Another remarkable room is the crypt which has a monument in the middle, in memory of the victims of the Japanese War. I tried looking for the niche of Juan Luna, but I didn’t find it.

Going to the second floor is through a staircase made of imported granite from China. The highlight of this floor is the choirloft. There’s a pipe organ and a giant rotating lectern. The choir seats were exceptional too, but they’re also imported from Macau.

Downstairs, before I went out, I had a quick look at Fr. Manuel Blanco’s garden. He’s the author of Flora de Filipinas. There was nothing exceptional here since the garden was destroyed during the war.

There was also an exhibit on the galleon trade and Fr. Urdaneta on the first floor during my visit. It took me one hour to complete this museum visit.

Bahay Tsinoy was next. It was a short walk away from the San Agustin Church. The museum focuses on the influence of Chinese on our lives now.

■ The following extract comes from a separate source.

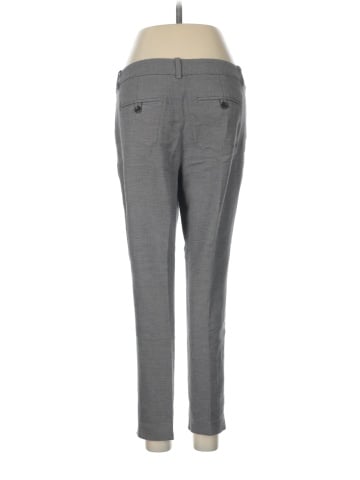 Merona Dress Pants (view 2)
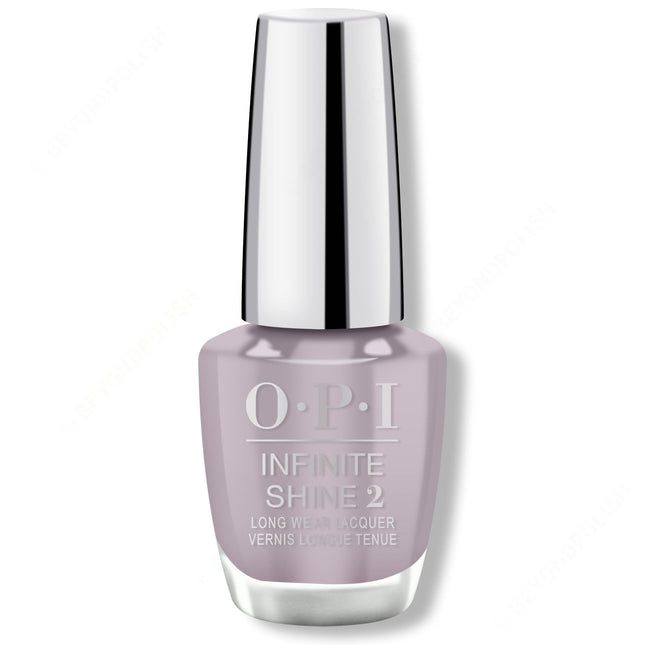 OPI - Infinite Shine Lacquer 15ml (Many Colors)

The exhibit on the Sultan of Sulu, Padaka Batara was an eye opener for me. I always thought that only the Chinese were able to travel that time and that the early Filipinos just waited for their junks to arrive so that they could barter. But as early as 1417, the sultan went to Beijing and became friends with the emperor, Yung Lo. A barangay went with him but he died when they were going home and he was buried there. Some of his family members were left there. Their descendants, as shown in old photos there, looked like native Chinese.

As immigrants during the Spanish regime, they were segregated from the Filipino populace because the Spaniards “feared and distrusted” them. They were housed in a parian, sort of a Chinatown and were only allowed to join the baptized ones after 1790. Probably this was the time where many changed their names and surnames to adapt. This was also the time when some married Filipinos, producing the likes of St. Lorenzo Ruiz, Mo. Ignacia del Espiritu Santo, Jose Rizal and many others.

Meanwhile, trading continued as the galleons connected with junks to carry their goods to Mexico. This went on for two and a half centuries.

The museum also highlights the pioneer businesses of the Tsinoys like Distileria Limtuaco, the producers of Sioktong; China Bank and Ma Mon Luk. Another was the involvement of the mestizos in the revolution during the late 1800’s. Jose Ignacio Paua who has a giant statue in Silang, Cavite is a pure Chinese. Aguinaldo is also a mestizo, which explains the eyes.

And did you know that the very Filipino sari-sari store was an offspring of the cabecilla system where in the Tsinoys were the wholesalers? Not only food items were sold but also imported and fabricated farm tools.

The kinship system used by Tagalogs also have Chinese origins: kuya, ate, diko, etc.